- **BRIEF**: Return nothing but the lines from the one with "ALQUILO OFICINA PREMIUM EQUIPADA EN SAJONIA" through the one with "7. Avión saliendo" in the data below, word for word and without pictures.
######
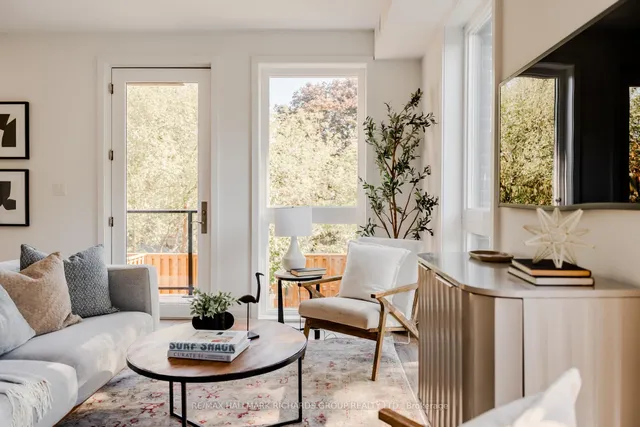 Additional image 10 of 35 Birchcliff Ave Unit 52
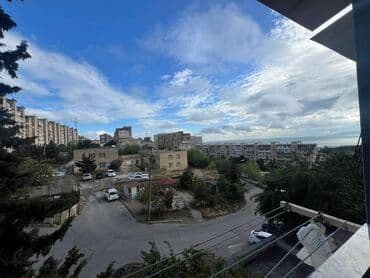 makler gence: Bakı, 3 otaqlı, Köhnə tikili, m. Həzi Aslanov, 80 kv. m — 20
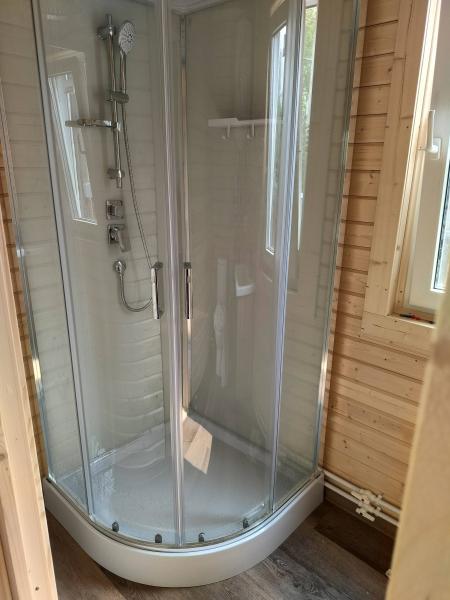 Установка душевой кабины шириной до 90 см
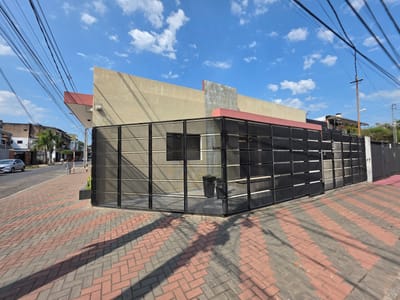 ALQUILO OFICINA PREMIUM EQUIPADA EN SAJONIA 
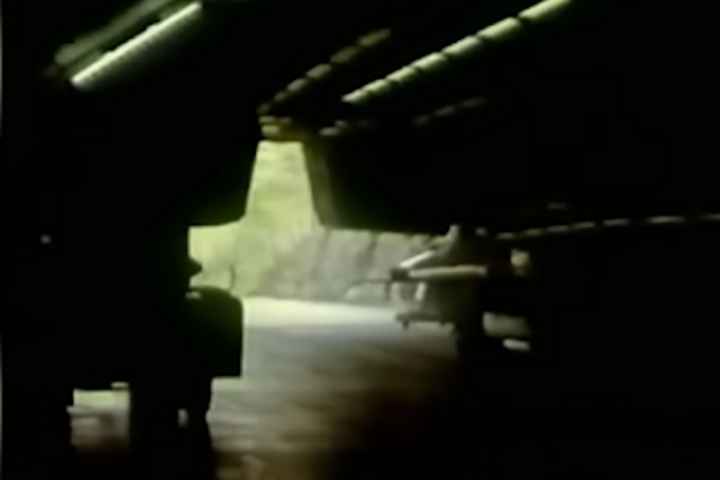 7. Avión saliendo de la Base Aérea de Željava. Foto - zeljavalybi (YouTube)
######
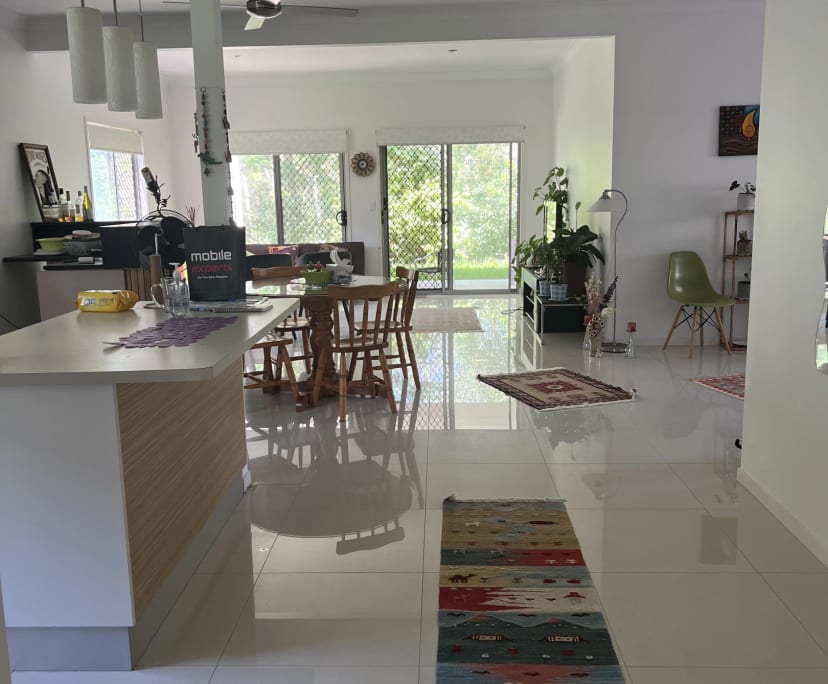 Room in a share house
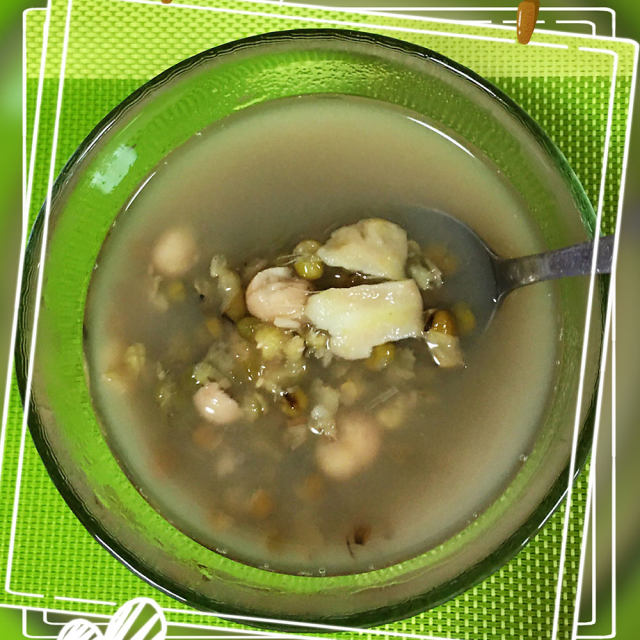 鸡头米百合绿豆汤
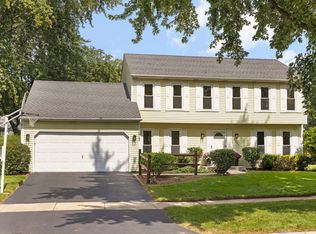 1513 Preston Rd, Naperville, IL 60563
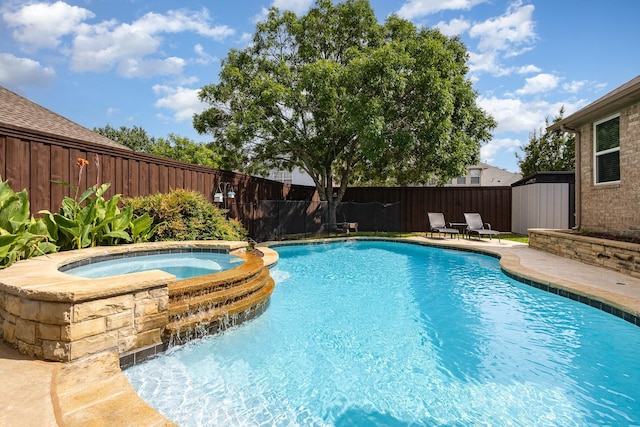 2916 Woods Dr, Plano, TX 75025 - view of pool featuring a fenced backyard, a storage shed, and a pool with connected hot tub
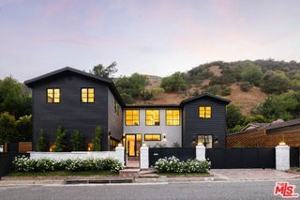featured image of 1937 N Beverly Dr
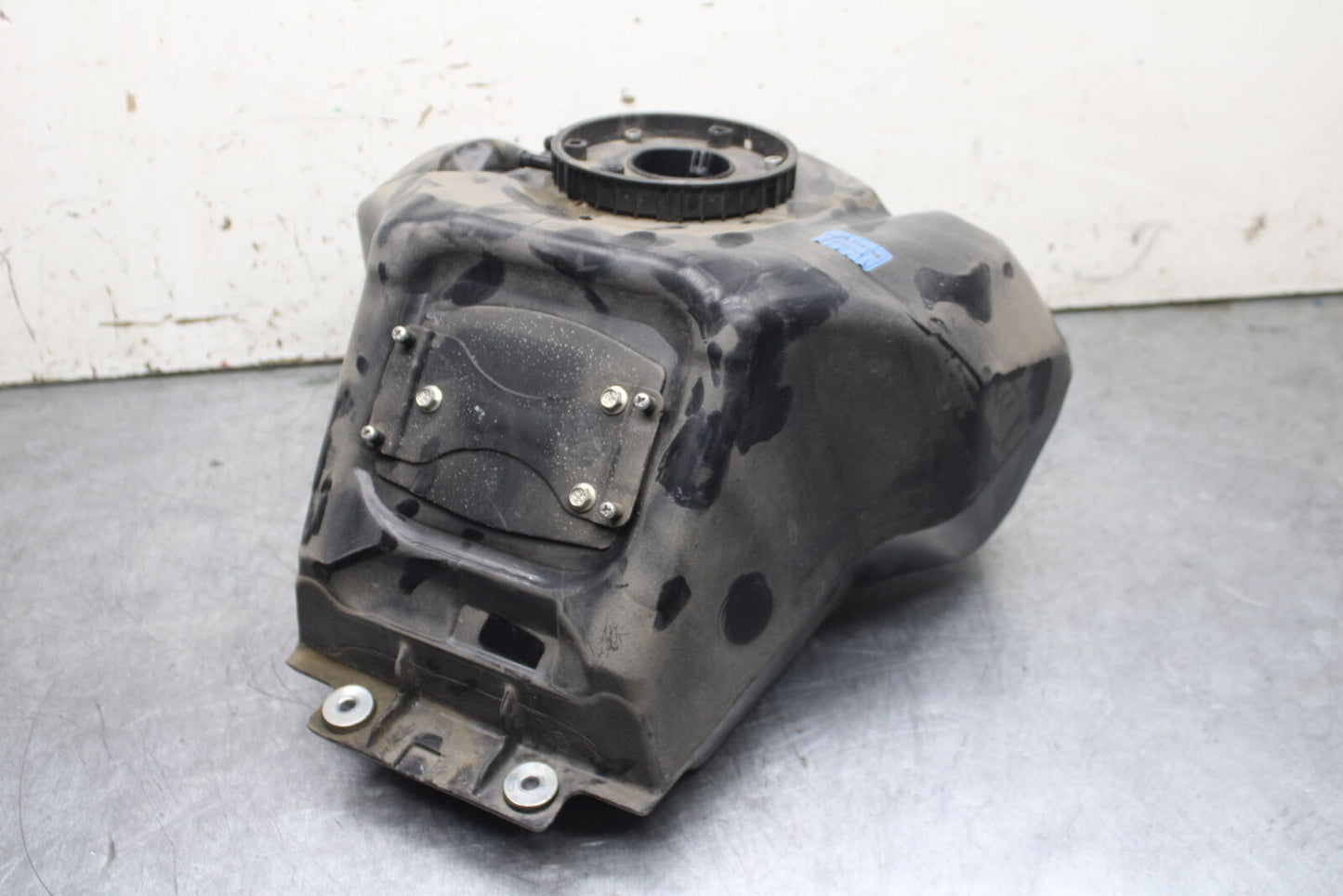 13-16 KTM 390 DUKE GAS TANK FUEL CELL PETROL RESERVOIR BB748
######
- **OUTPUT OF THE TASK**:
 ALQUILO OFICINA PREMIUM EQUIPADA EN SAJONIA 
 7. Avión saliendo de la Base Aérea de Željava. Foto - zeljavalybi (YouTube)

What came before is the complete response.